Girolamo Cardano was a 16th-century Pavian polymath who gained most notoriety during his lifetime for his mathematical, medical and astrological knowledge. He traveled Europe to treat a variety of Early Modern bigwigs, he cast horoscopes (his own, seemingly obsessively), taught, wrote copiously and, it seems, pissed a good number of people off.
The Book of My Life is a peculiar collection of Cardano's personal recollections and meditations on his life, given as a set of discrete essays on a variety of topics: descriptions of his appearance; of his habits past and present (he wrote the work while in his 70s); of his family; of his professional and financial troubles; a list of all of his published works and of notable people who mentioned him in their works; and an account of the great grief of his life, the execution for murder of his favorite son.

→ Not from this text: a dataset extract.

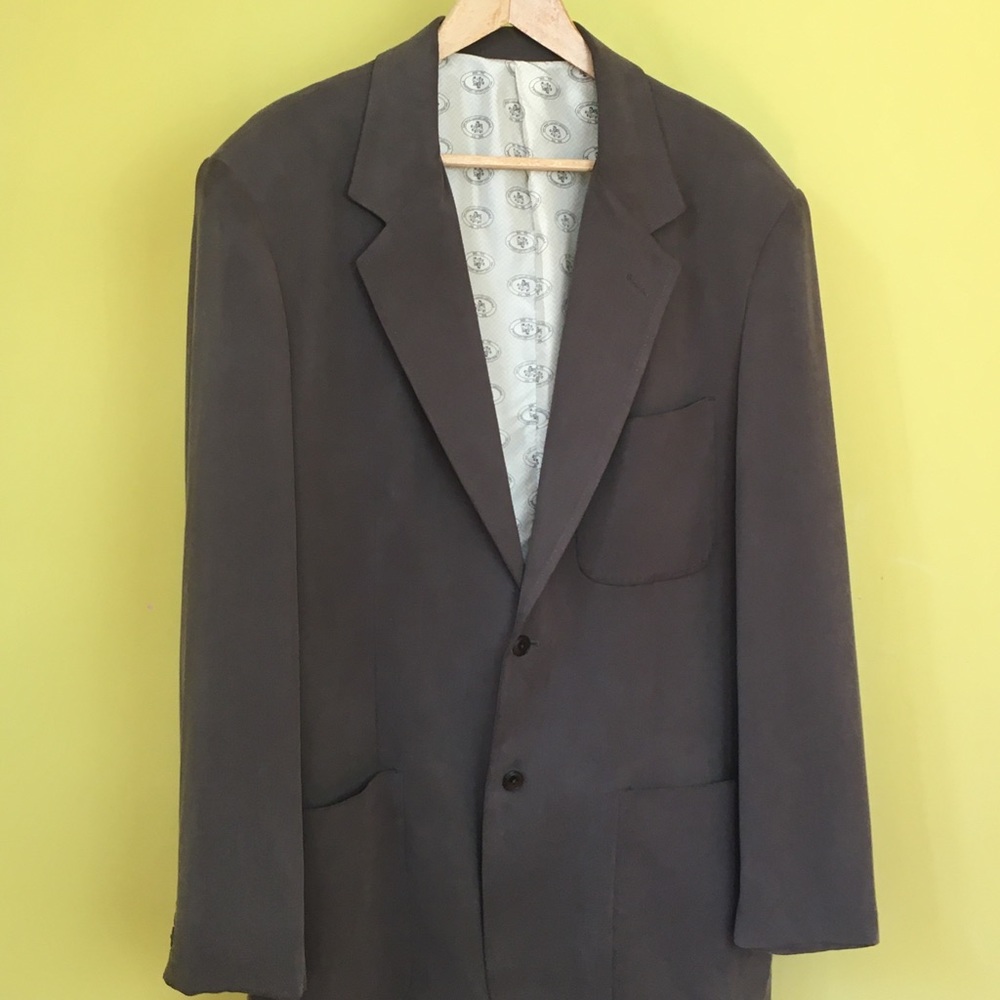 Nat Nast silk sport coat suit jacket Men’s L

Cardano's Book is so strange, so highly idiosyncratic; it is simultaneously self-promoting and self-denigrating. He comes across as a little whiny but also disarmingly blunt, and frequently astute. His thoughts and attitudes were odd enough in his own time that one commentator noted that, had Cardano lived any longer, he may have been executed for a heretic. He is easy to find a little ridiculous, but I found it impossible not to like him.
Providing additional interest to me is the fact that he was one of those paradigm straddlers we like not to discuss very often in our modern age, where it is more convenient to pretend there is a clear line between religion and science. Cardano was an early scientist, but he was also a devout Catholic, and an astrologer who saw omens everywhere. Like Newton, like Descartes, like many thinkers claimed as grandfathers to science, Cardano recognized no such distinctions. He wrote mathematical treatises, but also claimed to have a guardian angel. In general, The Book of My Life is a captivating peek inside this worldview, which it is increasingly difficult, I think, for people alive today to seriously contemplate: how can one (educated and reflexive) mind, hold both of these attitudes in one? And yet highly religious minds attuned to a world of signs and significance are what birthed the practice of science. I think they must be related, primordially, in some regard.